Monir Elias Bounadi: The Foundations of Graph Pebbling

Graph pebbling modeling started as a method for solving a combinatorial number theory conjecture by Erdős and Lemke. Using this method, Chung proved the conjecture in 1989. Since then, the literature has grown considerably. Several variations and possible applications have been discussed, in graph theory, computer science and network optimization.

The main focus in graph pebbling is graphs, mathematical structures modeling binary relations between vertices. To every vertex in some graph we assign a number of pebbles. If two pebbles are moved across an edge joining two distinct vertices, one pebble arrives and one pebble is lost. This is called a pebbling step.

The basic question in graph pebbling asks if one may from a given distribution of pebbles on a set of vertices move to another distribution on the same set via a series of pebbling steps.

In this Master's thesis we approach the above question using two models: a deterministic, which includes the notion of a pebbling number, and a probabilistic, which includes the notion of a threshold.

For both these models we clarify earlier proofs, and provide new proofs, of foundational theorems in graph pebbling.
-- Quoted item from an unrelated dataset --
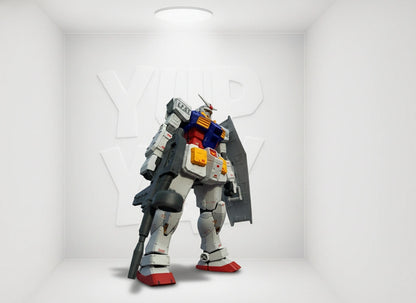 Bandai Gundam Seed RX-78-2 Masterlise Mechanics Ichibankuji Figure Ver C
These results constitute the backbone for our discussion on recent research, which concentrates on generalizing and extending central notions in graph pebbling, for example the generalized idea of a pebbling number: the pi-pebbling function. Simultaneously, a corollary to the so called cover pebbling theorem is derived. This corollary lets us prove established, and newly found, theorems.

Regarding applications in graph pebbling, we argue that one should generalize existing results, and incorporate directed graphs into a bigger part of the theory. We suggest how this can be done.